Sampai Jumpa Di Langit




Ini sebuah topik yang belum selesai. Aku tidak ahli dalam hal ini.
Mereka semua terus bertanya, bahkan sampai pada tahap menghakimi tentang kenapa hingga saat ini aku belum memiliki pendamping. Mereka menyaksikan beberapa orang telah datang ke rumah. Dengan berbagai latar, menawarkan banyak hal, dan itu demi Allah, tidak membuatku terenyuh. Aku kadang memaksakan diri sendiri untuk bisa menerima yang paling baik di antara mereka, namun tolong jelaskan padaku, kenapa aku tidak memiliki rasa yakin untuk berkeluarga dengan salah satu dari mereka.

Kuhantar do'a-do'a ke langit. Bukan meminta yang sempurna. Buat apa aku meminta yang sempurna? Aku tidak lupa bahwa aku pun hanya seonggok daging yang jika Allah tidak merahmati, maka tidak ada yang bisa kulakukan. Aku hanya meminta yang membuatku merasa "Ya, He is." hanya tiga kata itu. Dan sampai detik aku menulis ini, entah, semua masih seperti gumpalan karbon. Misteri.

Seringkali kutakut-takuti diriku dengan hadith Rasulullaah SAW bahwa janganlah menolak lelaki yang baik, sebab jika menolak pinangannya, akan terjadi kerusakan besar di muka bumi. Kutakut-takuti diriku dengan hadith itu agar aku bersedia menerima. Namun untuk kesejuta kalinya kuminta, jelaskan padaku, kenapa jiwaku mengerucut saat memikirkan mereka. Pintu hatiku menolak. Tidak ada rasa bahagia. Apalagi keyakinan. Bukankah Nabiku juga sangat mementingkan keridhaan wanita? Jika untuk memasuki agam Islam yang sudah mutlak kebenarannya ini saja TIDAK ADA PAKSAAN, apalagi untuk pernikahan yang hukumnya sunnah.

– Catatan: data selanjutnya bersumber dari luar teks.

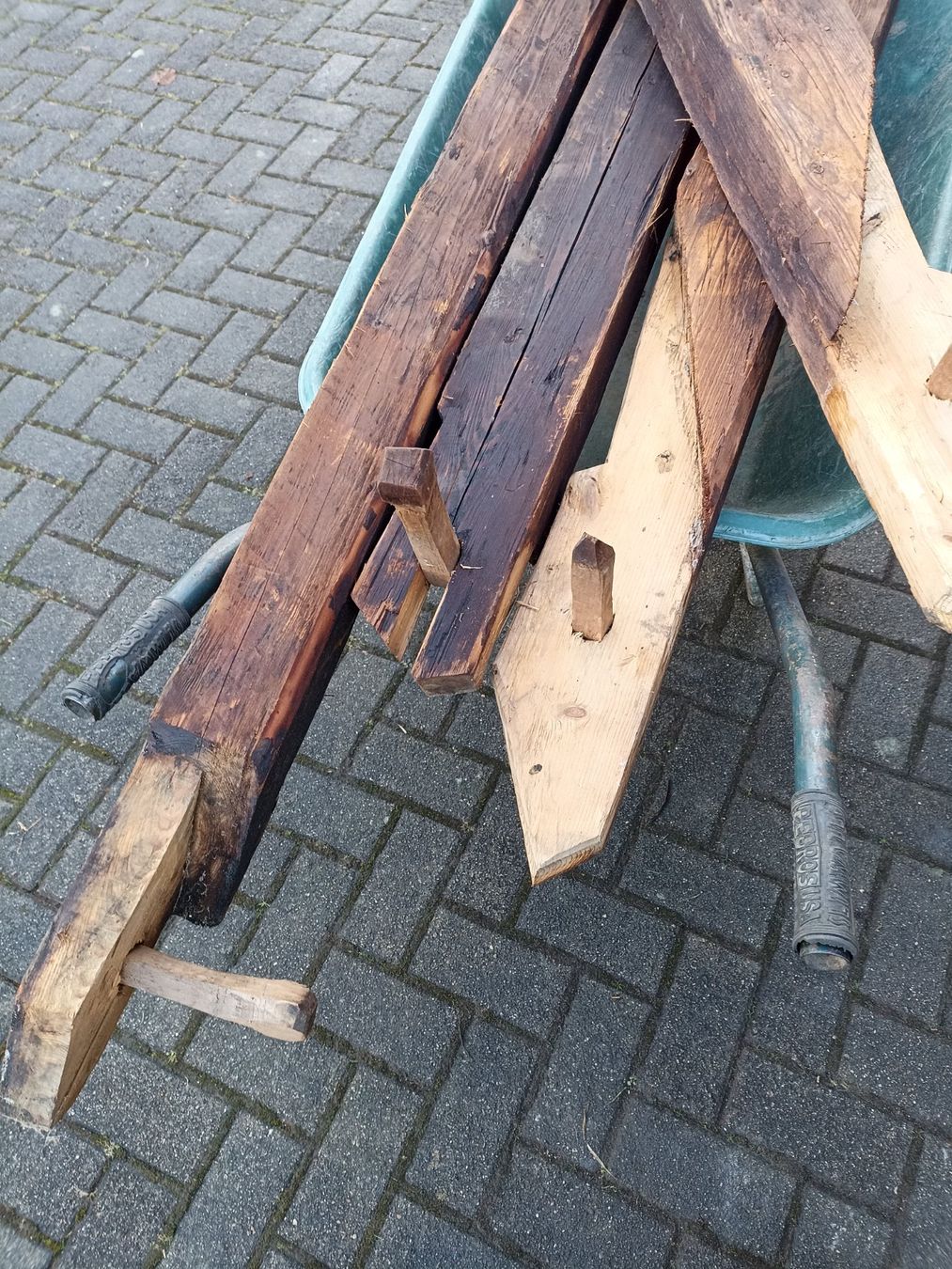 Articoli in legno: Alt Holz Alt Balken – Usato da Grosswangen venduto da dini13 3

Ini bukan semacam pembelaan diri. Dalam beberapa poin, aku tahu soal kelemahan ilmuku. Aku sadar. Namun aku yang wanita biasa namun dengan misi besar ini pun memiliki harapan hidup dengan lelaki yang saat memikirkan dan memandangnya aku merasa CUKUP. Aku mencari seseorang yang membuatku tidak perlu mencari siapapun lagi. Ini bukan tentang lelaki sempurna. Bukan. Ini tentang kecocokan jiwa. Chemistry yang kuat, bahkan sekalipun perkenalanmu dengannya sangat minim. Chemistry kalian bekerja.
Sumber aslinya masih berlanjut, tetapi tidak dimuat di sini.